Thereupon Anderson and Rother commenced buying their steel tubing from Armco. Testimony of a representative of
Armco that customers were informed that they must protect the tubing from corrosion was impeached by a brochure
distributed by that company in 1955 or 1956. The brochure pictured and recommended steel tubing radiant heating
installations which appear to us to follow exactly the method used by Anderson and Rother in concrete slabs,
without any reference to a need for corrosion protection.
[3]
As we have indicated the trial court concluded that General Motors and Armco had impliedly warranted to Anderson
and Rother that their steel tubing was (1) reasonably fit for its intended use, and (2) of merchantable quality.
[9 Cal.App.3d 231]
As
pertinent here Civil Code section 1735 provided that an implied warranty arose:
"(1)
Where the buyer, expressly or by implication, makes known to the seller the particular purpose for which the
goods are required, and it appears that the buyer relies on the seller's skill or judgment (whether he be the
grower or manufacturer or not), there is an implied warranty that the goods shall be reasonably fit for such
purpose.
"(2)
Where the goods are bought by description from a seller who deals in goods of that description (whether he be
the grower or manufacturer or not), there is an implied warranty that the goods shall be of merchantable
quality."
Adverting
first to section 1735, subdivision (1), the evidence shows, and it appears to be conceded, that Anderson and
Rother made known to General Motors and Armco the particular purpose for which their steel tubing was required
and the manner in which it would be installed. General Motors and Armco, each in its turn, offered to sell their
tubing for the purpose made known to them. Anderson and Rother accepted the offers, purchasing 300,000 feet of
tubing from General Motors and more than 1,000,000 feet from Armco. From this evidence the trial court could
reasonably infer that Anderson and Rother relied on the sellers' skill and judgment.
Section
1735, subdivision (2), states that an implied warranty arises where goods are bought by description from a
seller who deals in goods of that description, that the goods shall be of merchantable quality. Here the tubing
was bought by description from General Motors and Armco. In Aced v. Hobbs-Sesack Plumbing Co.,
55 Cal.2d 573,
582 [12 Cal.Rptr. 257, 360 P.2d 897], under circumstances quite similar to those before us, the court said, "With
respect to sales, merchantability requires among other things that the substance sold be reasonably suitable for
the ordinary uses it was manufactured to meet." (Italics added.) In the case at bench, beyond any doubt, the steel
tubing was manufactured, among other purposes, for use in concrete slab radiant heating systems. Since the product
was not suitable for that purpose an implied warranty of merchantability was breached. In Aced v. Hobbs-Sesack
Plumbing Co., supra, the plumbing company contracted to install a radiant heating system in a concrete slab floor.

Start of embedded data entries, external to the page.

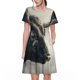 thumbnail image 1 of Disketp Mystical Bull in Fog para Vestido de Manga Corta para Mujeres, Vestidos de Verano para Mujeres, Casual y Holgado para la Playa, 1 of 6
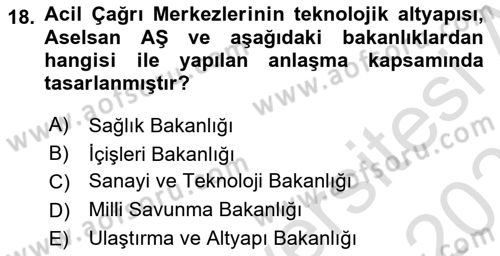 Acil Çağrı Yönetimi Dersi 2022 - 2023 Yılı Yaz Okulu Sınav Soruları 18. Soru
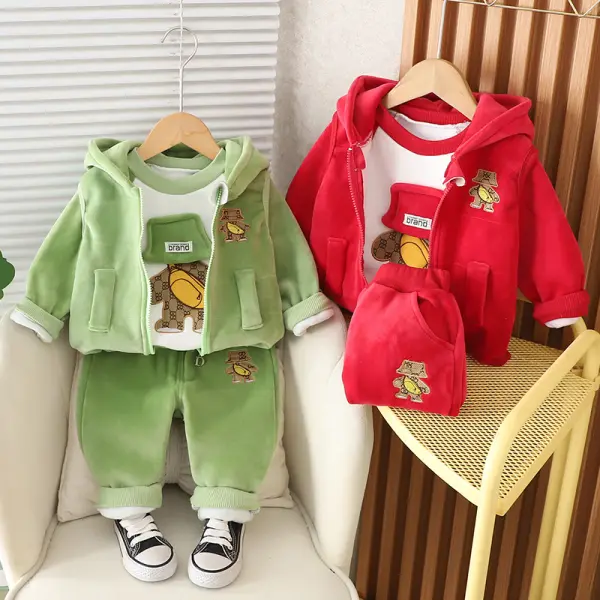 【12M-4Y】3-piece Boys Cute Backpack Bear Embroidered Round Neck Sweater Hooded Vest Coat And Pants Set - Popopieshop.com 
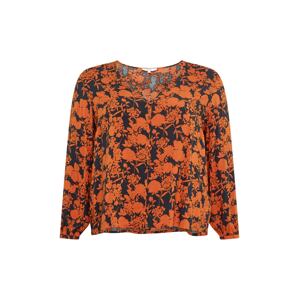 ABOUT YOU Curvy Blúzka 'Nala Blouse'  tmavomodrá / oranžová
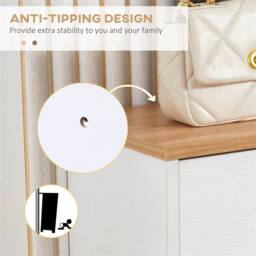 NESTLUNE Modern Console Table with Fluted Panel Drawers in Natural - Size: 100 cm x 15 cm - thumbnail 6
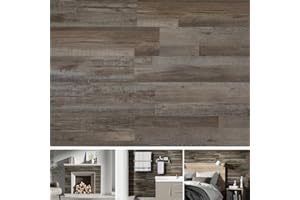 SINGULARWOOD Vinyl Wall Planks,Self-Adhesive Vinyl Panels for Walls,Peel and Stick Easy Installation (12 pcs/18 Sq Ft/Box),Driftwood-Light Grey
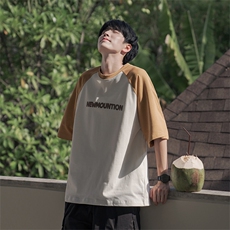 撞色经典复古短袖美式百搭宽松T恤潮B225-T9357-P45-X59-有货，男装T恤，电商B225
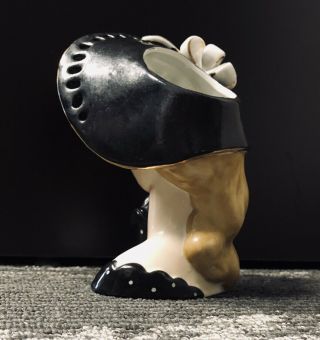 Vintage NAPCO Ceramic Lady Head Vase S348A Cond Black Gloves 4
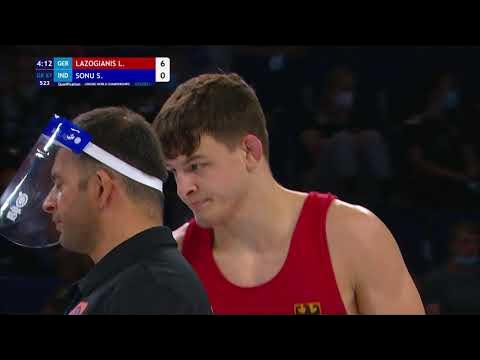 Qual. GR - 87 kg: L. LAZOGIANIS (GER) v. S. SONU (IND) background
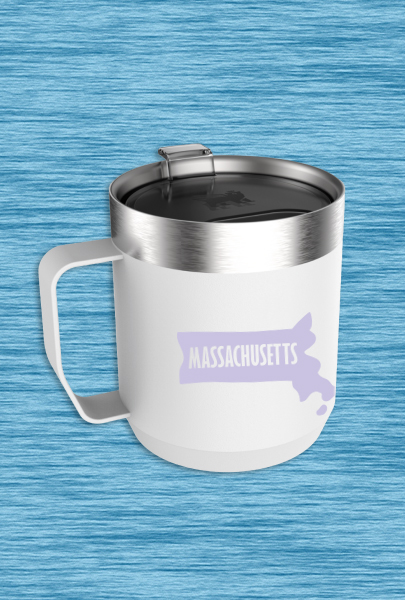 Custom imprinted Stanley The Legendary Camp Mug for Boston, MA with a local business logo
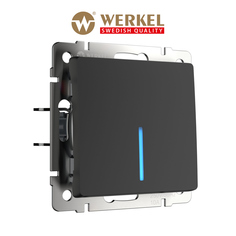 Встраиваемый одноклавишный выключатель проходной Werkel W1112108 черный матовый, подсветка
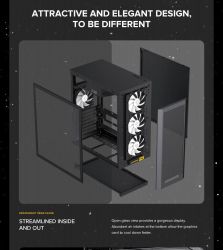 GAMEMAX Корпус комп'ютерний Midi ATX без блока живлення X,M-ATX,ITX. (Support BTF),Tempered Glass,Mesh,USB F46 BK - Картинка 17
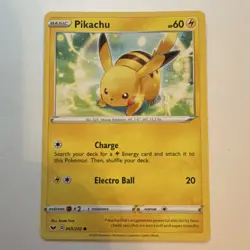 Pokemon Pikachu 065/202 Swsh01 Sword & Shield Regular Common Basic 60HP 20ATK - Image 1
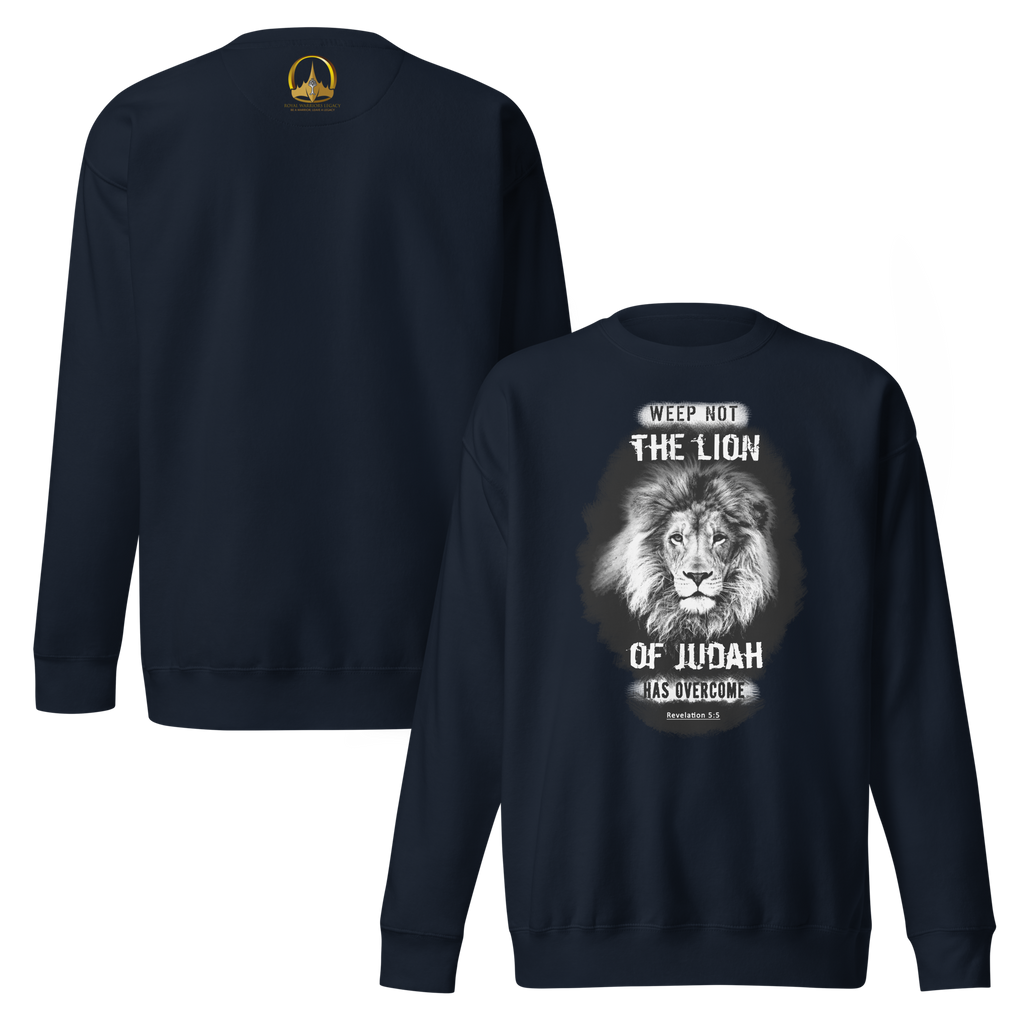 The Lion of Judah: Revelation 5:5 Unisex Premium Sweatshirt
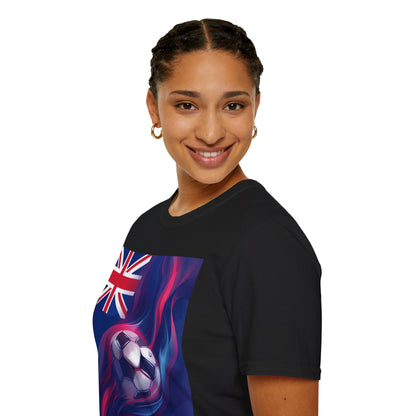 New Zealand Football Flag Abstract Wave T-Shirt All Whites Soccer Tee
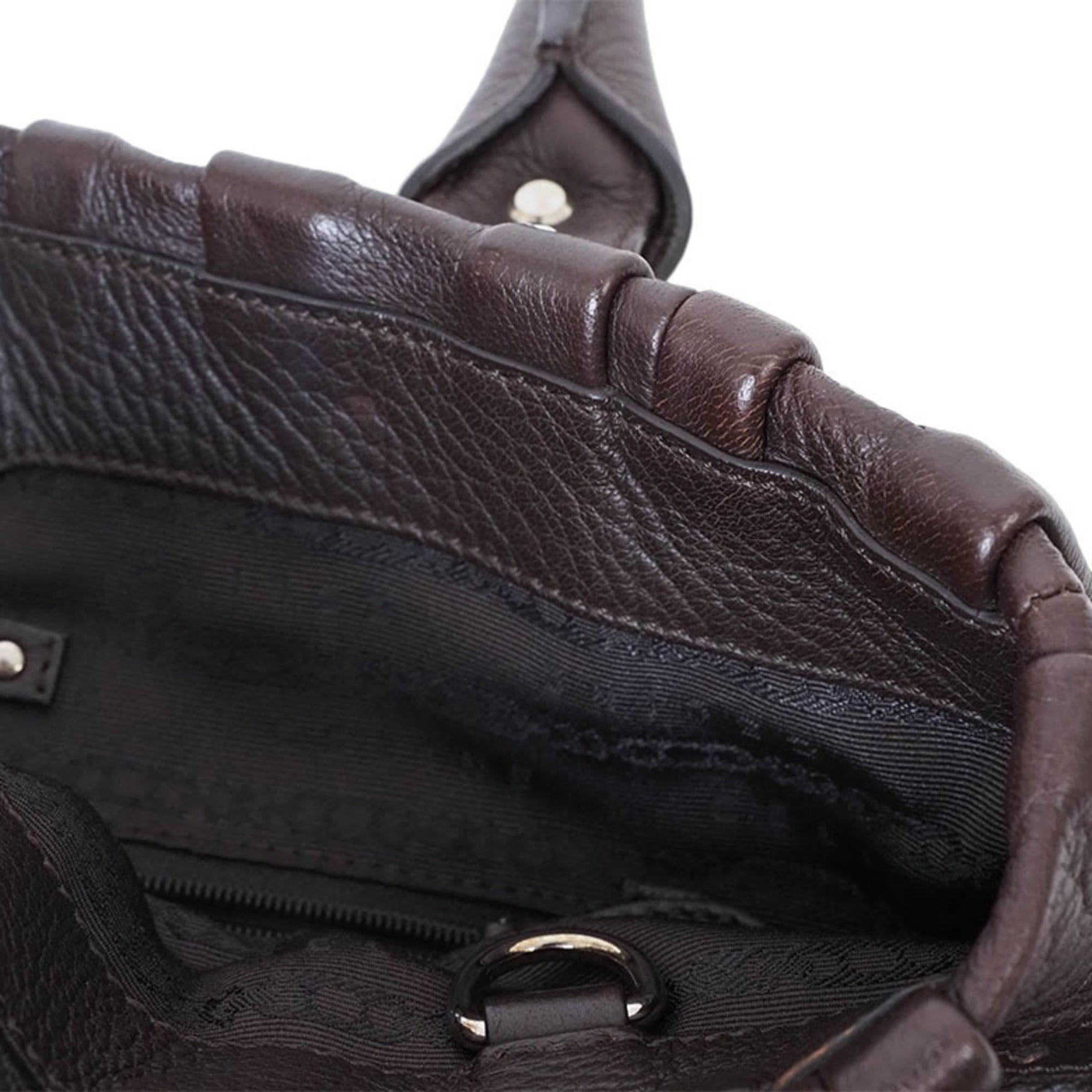 Celine Dark Brown Leather Shoulder Bag (Pre-Owned)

Steel tubing was used. Numerous leaks later developed requiring replacement of the entire system. The court said
(at p. 583): "There is no merit in Hobbs' contention that the evidence is insufficient to show a breach of warranty
of merchantability. The evidence shows that the leaks in the tubing used in the radiant heating system were caused
by corrosion. The tubing was made of [9 Cal.App.3d 232] steel and was coated with plastic to prevent
corrosion, which would occur if the coating was broken or scratched and not repaired. An expert testified that the
coating on this type of tubing could be damaged in many ways during the normal course of installation, that the
abrasive action of stones contained in the concrete in which the tubing is embedded or the boots of workmen walking
over the tubing would cause its coating to chip, that workmen are required to walk on it 'in the natural course of
this kind of job,' that the tubing had leaked on other jobs which had been done in the customary manner, and that
its coating was "insufficient' and, 'having failed,' left only a 'piece of steel pipe that corroded in accordance
with the usual laws of nature.'"
It
thus is clear that the trial court's determinations of implied warranties to Anderson and Rother were supported
by substantial evidence.
[4]
We consider now the finding of an express warranty against General Motors. Civil Code section 1732 provided "Any
affirmation of fact or any promise by the seller relating to the goods is an express warranty if the natural
tendency of such affirmation or promise is to induce the buyer to purchase the goods, and if the buyer purchases
the goods relying thereon. ..." From the evidence here it may be reasonably concluded that General Motors and
its representatives stated that their tubing was suitable for the type of radiant heating systems installed by
Anderson and Rother. And as we have indicated, an inference that the representation was relied upon may
reasonably be drawn. The trial court's finding of an express warranty is also supported by substantial evidence.
[5]
General Motors and Armco contend that there were numerous procedural errors by virtue of which the issues of
express and implied warranties were not properly before the court. This situation was brought about partly by
the appearance of Anderson and Rother in propria persona, and their sometimes absence from pretrial and trial
proceedings. Our examination of the record discloses that the issues of express and implied warranties without
objection were placed before the court and that the case was tried on those issues, among others. Neither
General Motors nor Armco was prejudiced in its right or ability to respond to those or any other issues at the
trial, which was in all respects fairly conducted. (See fn. 1, ante.)
We
have, as requested by General Motors and Armco at the oral argument of this appeal, taken judicial notice (see
Evid. Code, § 452, subd. (c)) of the decision and records of Kriegler v. Eichler Homes, Inc.,
269 Cal.App.2d 224 [74
Cal.Rptr. 749]. The judgment of that case became final in 1969 while the instant appeals were pending.
[6a]
It is contended that the instant issue, whether Anderson and [9 Cal.App.3d 233] Rother made express and
implied warranties to Eichler, was present in Kriegler and was there adjudicated against Eichler; that under the
doctrine of collateral estoppel the Kriegler judgment supersedes or controls the judgment here under appeal;
that Anderson and Rother are therefore not liable to Eichler; and that the judgment against General Motors and
Armco, whose liability rests solely on a duty to indemnify Anderson and Rother, must therefore be reversed.
[7]
We note that "Where the judgment in one suit becomes final through lapse of time or affirmance on appeal while
an appeal is still pending in another court from judgment in the other action, the first final judgment may be
brought to the attention of the court in which an appeal is still pending and relied on as res judicata."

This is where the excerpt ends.